[WHAT THE EXERCISE ASKS]: Your answer must be a single number: the count of lines in the records below that include the string "Mauricio".

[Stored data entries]

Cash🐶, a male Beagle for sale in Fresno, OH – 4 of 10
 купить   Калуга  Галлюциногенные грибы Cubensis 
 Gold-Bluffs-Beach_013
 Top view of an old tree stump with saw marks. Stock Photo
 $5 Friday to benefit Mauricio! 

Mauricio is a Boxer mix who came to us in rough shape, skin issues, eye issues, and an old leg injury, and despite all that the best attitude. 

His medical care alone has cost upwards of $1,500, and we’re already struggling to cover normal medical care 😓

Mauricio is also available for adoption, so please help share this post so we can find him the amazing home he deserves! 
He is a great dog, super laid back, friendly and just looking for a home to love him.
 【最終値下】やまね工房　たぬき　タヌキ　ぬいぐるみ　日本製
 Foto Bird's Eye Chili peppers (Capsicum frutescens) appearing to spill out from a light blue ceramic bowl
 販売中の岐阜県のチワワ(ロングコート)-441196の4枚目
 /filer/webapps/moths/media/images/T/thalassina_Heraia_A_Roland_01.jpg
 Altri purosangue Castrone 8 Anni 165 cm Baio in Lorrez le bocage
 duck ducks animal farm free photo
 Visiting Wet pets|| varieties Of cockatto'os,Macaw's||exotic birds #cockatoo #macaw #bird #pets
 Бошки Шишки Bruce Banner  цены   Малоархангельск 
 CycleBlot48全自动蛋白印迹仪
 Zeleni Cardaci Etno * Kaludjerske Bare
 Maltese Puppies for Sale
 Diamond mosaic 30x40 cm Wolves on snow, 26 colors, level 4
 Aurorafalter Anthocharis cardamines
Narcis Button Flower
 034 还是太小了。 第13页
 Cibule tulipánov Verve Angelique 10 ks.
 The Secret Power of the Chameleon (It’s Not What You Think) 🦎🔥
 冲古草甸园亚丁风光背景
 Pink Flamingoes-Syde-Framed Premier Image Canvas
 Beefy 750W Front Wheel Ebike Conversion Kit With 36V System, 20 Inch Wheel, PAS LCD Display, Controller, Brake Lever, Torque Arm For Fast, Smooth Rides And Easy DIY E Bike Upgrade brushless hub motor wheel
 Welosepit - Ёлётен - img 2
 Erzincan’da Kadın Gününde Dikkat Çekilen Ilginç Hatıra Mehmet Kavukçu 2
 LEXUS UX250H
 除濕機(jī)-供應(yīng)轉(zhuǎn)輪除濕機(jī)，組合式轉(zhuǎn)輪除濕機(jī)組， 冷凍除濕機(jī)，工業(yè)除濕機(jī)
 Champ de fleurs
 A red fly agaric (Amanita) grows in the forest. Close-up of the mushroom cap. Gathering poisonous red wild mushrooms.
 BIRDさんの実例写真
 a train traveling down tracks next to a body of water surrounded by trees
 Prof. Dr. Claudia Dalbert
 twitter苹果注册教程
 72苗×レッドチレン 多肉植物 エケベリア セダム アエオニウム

[SOLUTION]: 3